[Data supplied]:
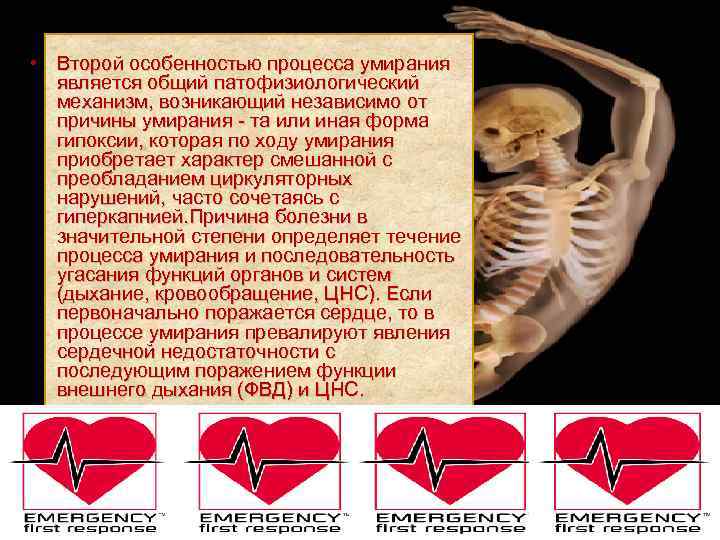  • Второй особенностью процесса умирания является общий патофизиологический механизм, возникающий независимо от причины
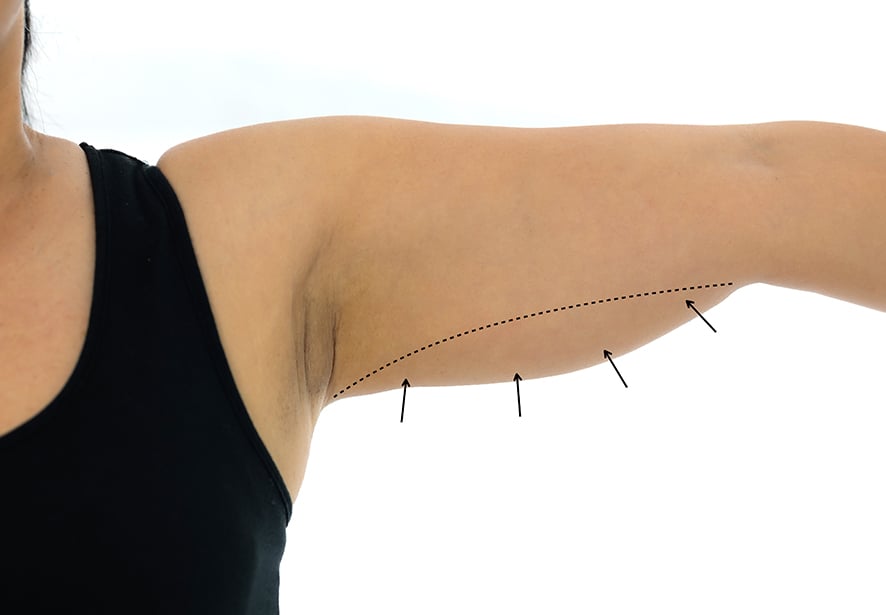 A patient with lines on her arm to prepare for a brachioplasty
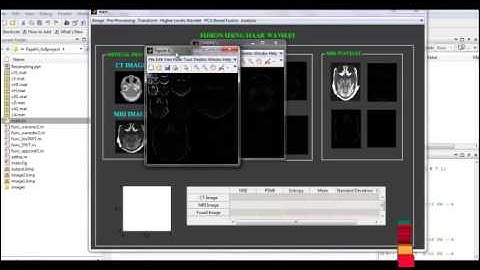 Final Year Projects | Analysis of CT and MRI Image Fusion using Wavelet Transform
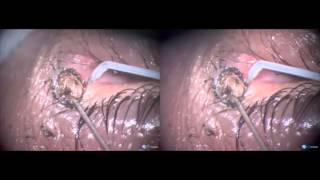 Large naevus on punctum and canaliculus removal with Fugo blade [upl. by Budge568]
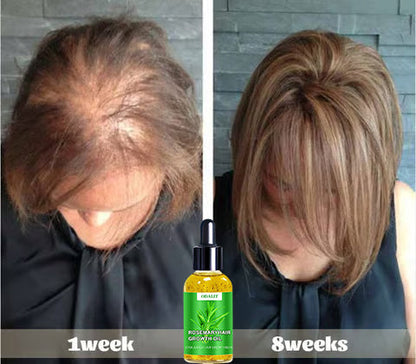 ODALIT™ Hair Growth Serum 🌱(AAD recommended)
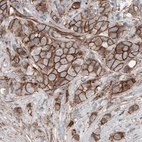 Immunohistochemical staining of human breast cancer shows membranous immunoreactivity in tumor cells.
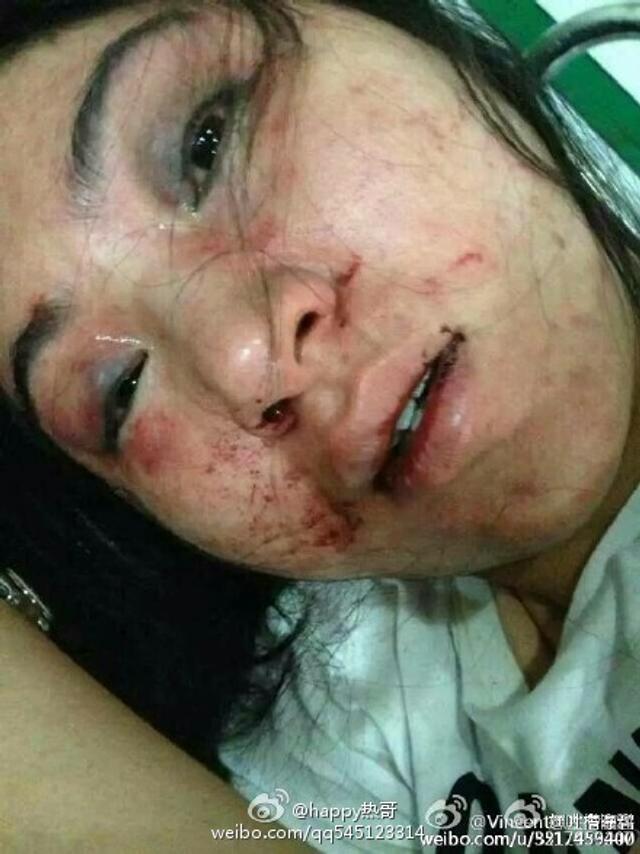 女老板被醉酒顾客打后还击改判无罪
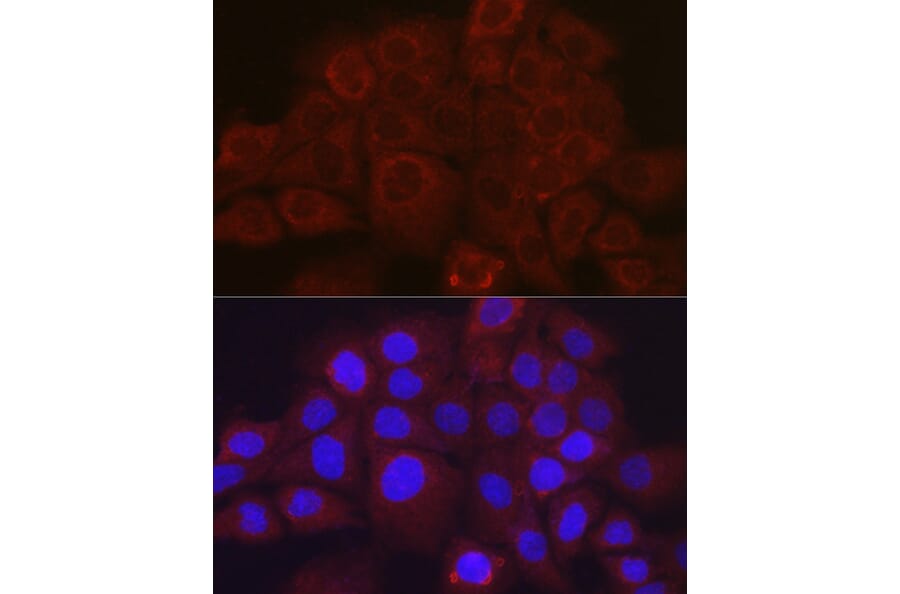 Immunofluorescence - Anti-SerpinB3/SCCA Antibody (A9707) - Antibodies.com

[Aim of the exercise]:
Return the lines from the one containing "女老板被醉酒顾客打后还击改判无罪" through the last line of the records, both included, exactly as written and with no pictures.

[The answer]:
 女老板被醉酒顾客打后还击改判无罪
 Immunofluorescence - Anti-SerpinB3/SCCA Antibody (A9707) - Antibodies.com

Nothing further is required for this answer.